Indispensabile collante si è rivelata la bacchetta di José Miguel Pérez-Sierra, allievo ed erede della lezione di Alberto Zedda, come tale collaudato nella cura delle sonorità, dell’equilibrio fonico, di levigate trasparenze che emergono sin dalla leggerezza di una Sinfonia morbidamente soffusa dai bagliori degli strumentini. Per il direttore madrileno La Cenerentola è esempio perfetto delle strategie del comico rossiniano: e lo sottolinea subito, sin dalla Stretta dell’Introduzione guidata a tambur battente, a ritmo indiavolato, con una velocità che, più avanti, rischierà di mettere a repentaglio la quadratura con il Coro maschile, che pure risulta guidato in maniera sobria e affidabile da Luigi Petrozziello. Qui, ma anche nei successivi concertati, sottopone i solisti a produrre autentiche mitragliate di fonemi impazziti, borborigmi crepitanti d’incontenibili emozioni, declinando un imperscrutabile grammelot che diventa essenza stessa della drammaturgia del Pesarese. E tanto più sbalza gli assieme, seguito da un’orchestra galvanizzata, tanto più emerge la poetica umanità dei personaggi che appartengono all’aspetto serio-sentimentale dell’opera, a cominciare dalla coppia di protagonisti: quasi a isolare chi è costretto a salire sulla giostra della vita, ma al tempo stesso desidera dettare nuove regole, per costruire un’utopistica visione del migliore dei mondi possibili. Governa con destrezza anche i recitativi, humus fertilissima al progredire dell’azione, godibili pezzi di teatro grazie alla scioltezza di Gaetano Costa al cembalo.

Motore dell’azione diventa così Alidoro, al quale Marco Bussi restituisce non solo nobilissima figura scenica ma anche esemplare dignità vocale, segnatamente nella perigliosa Aria del primo atto, da cui prende l’abbrivio il gran Finale del primo atto. Diventa il perno del dramma, cui fanno da esilarante corona le due scatenate sorellastre di Manuela Cucuccio, svettante Clorinda, e Sonia Fortunato, incontenibile Tisbe: che grazie alla bacchetta di Pérez-Sierra nella Stretta del Sestetto sembra quasi che si mettano a ringhiare, tanto risulta loro insopportabile il tramonto dei rispettivi sogni di gloria.

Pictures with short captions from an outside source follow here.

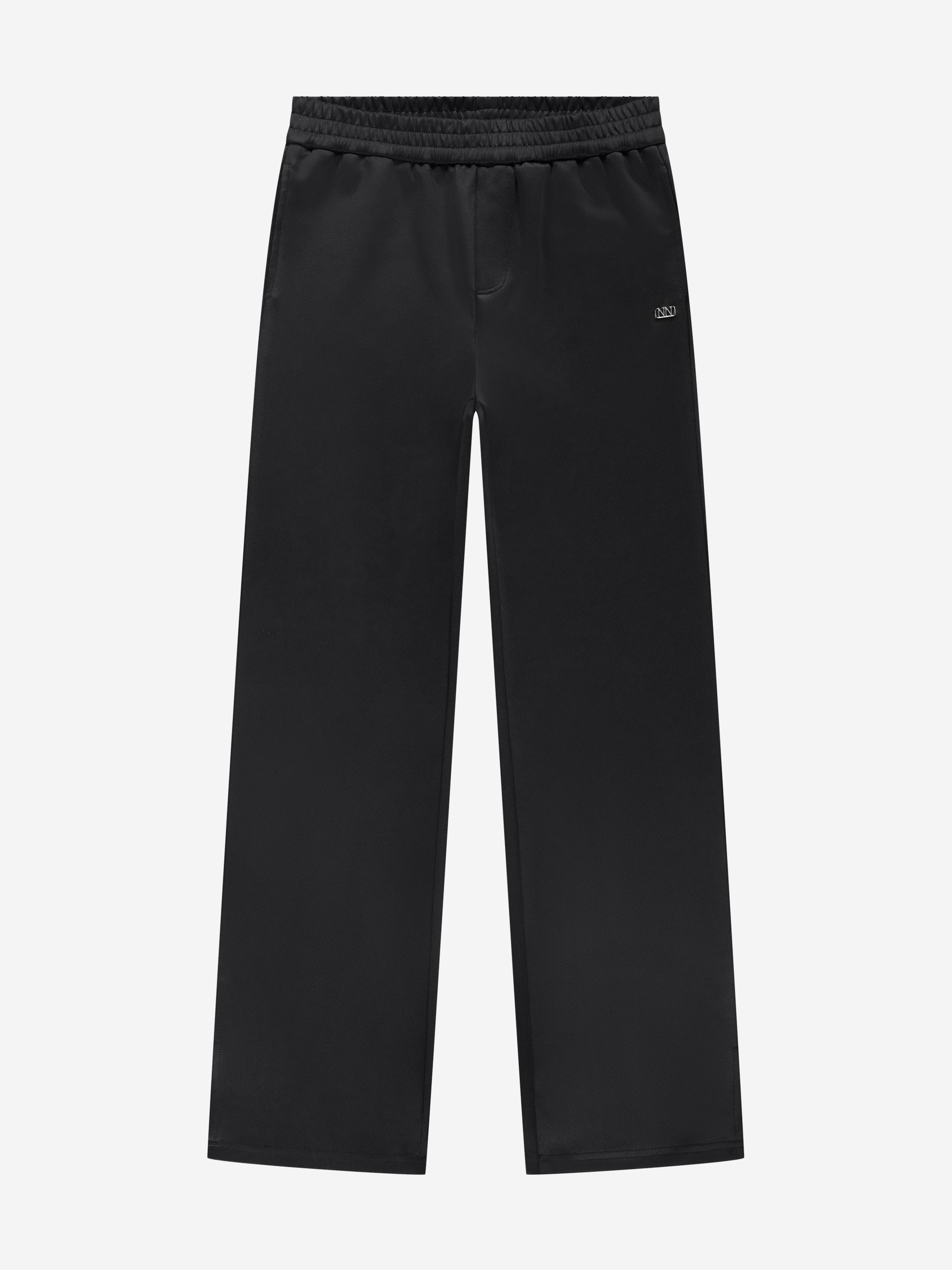 Trousers with elastic waistband and split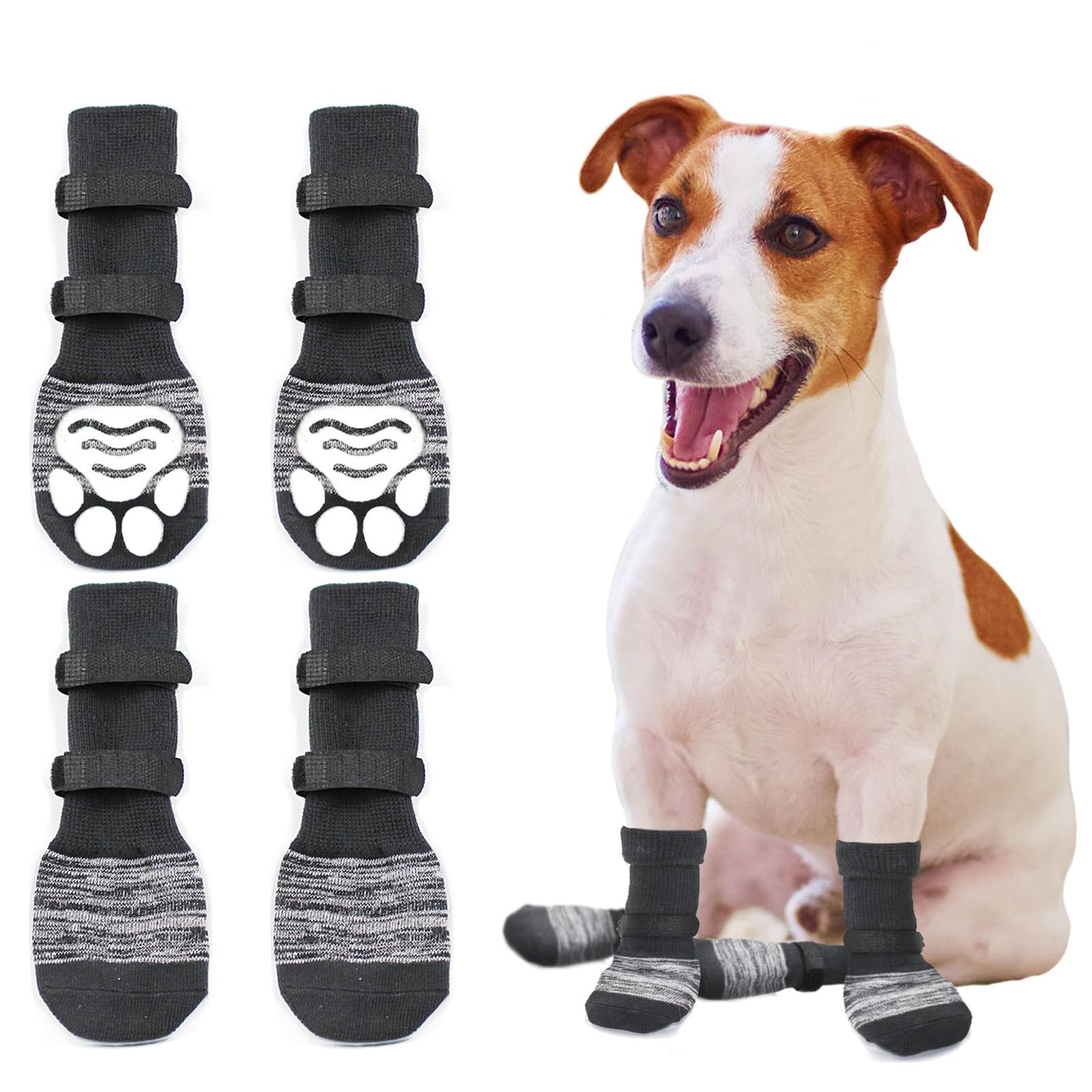 Anti Slip Paw Protectors Dog Socks,Double Side Non-Slip Dog Socks with Adjustable Straps,Traction Control for Indoor on Hardwood Floor Wear (A, S)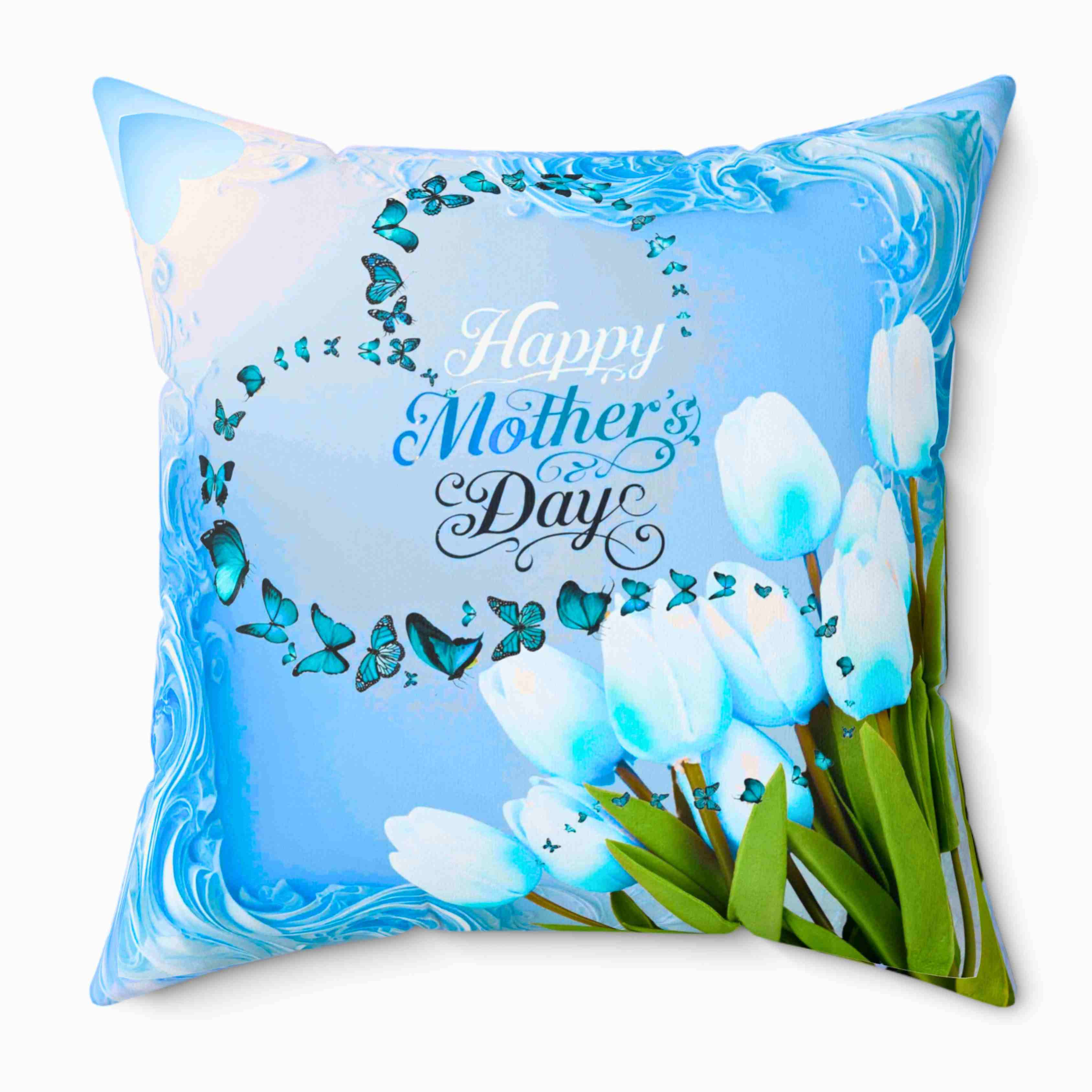 Happy Mother's Day tulips Pillow | Mother's Day decor, blue floral square couch cushion product thumbnail image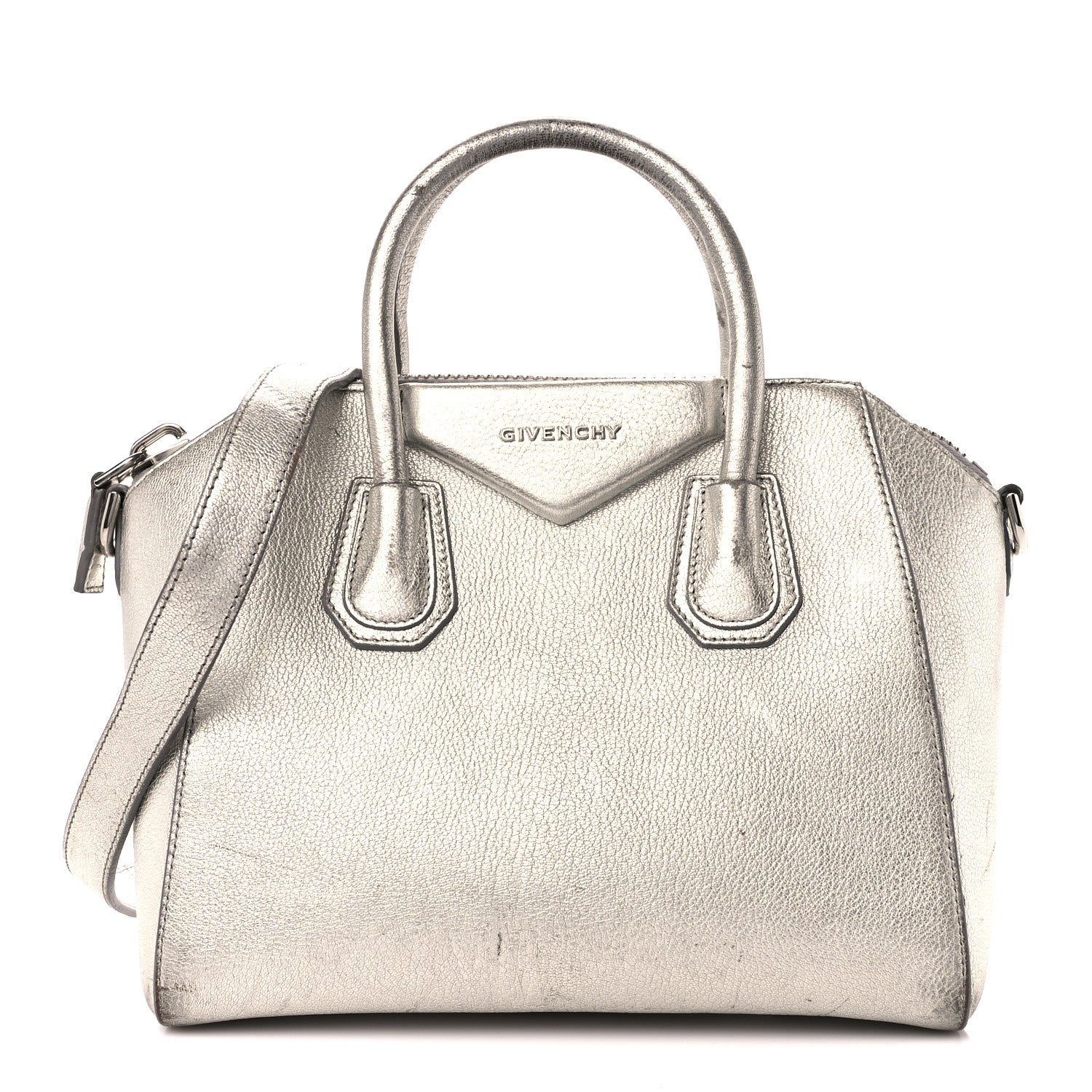 Givenchy Metallic Sugar Goatskin Small Antigona Silver 1 of 18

Il duetto dei bassi buffi vede trionfare, al debutto nel ruolo, il Dandini di Vincenzo Taormina, che s’impone per senso della misura: provvisto di sorgiva vis comica, è rossiniano di rango e, per questo, non si adagia su una trascinante presenza scenica, naturalmente capace di creare la necessaria empatia con il pubblico; ma – da autentico ‘basso cantante’, come l’avrebbero definito sul principio dell’Ottocento – preferisce costruire il ruolo su una vocalità rigogliosa, quasi sensuale nella Cavatina di sortita in cui si paragona a un’ape che dal giglio «poi salta alla rosa», ma poi pronta a sgranare sillabati al fulmicotone quando accende la miccia della coloratura. Più corrivo, sotto il profilo scenico, appare il Magnifico di Luca Dall’Amico, che connota il ruolo da basso ‘caricato’ con una serie di tormentoni (inchini e saltelli a ripetizione) forse oggi superati; ma che nondimeno dispone di ragguardevoli mezzi vocali, di bella proiezione e di pronta adesione alla grammatica rossiniana, segnatamente nella gran scena della cantina, dove risulta irresistibile.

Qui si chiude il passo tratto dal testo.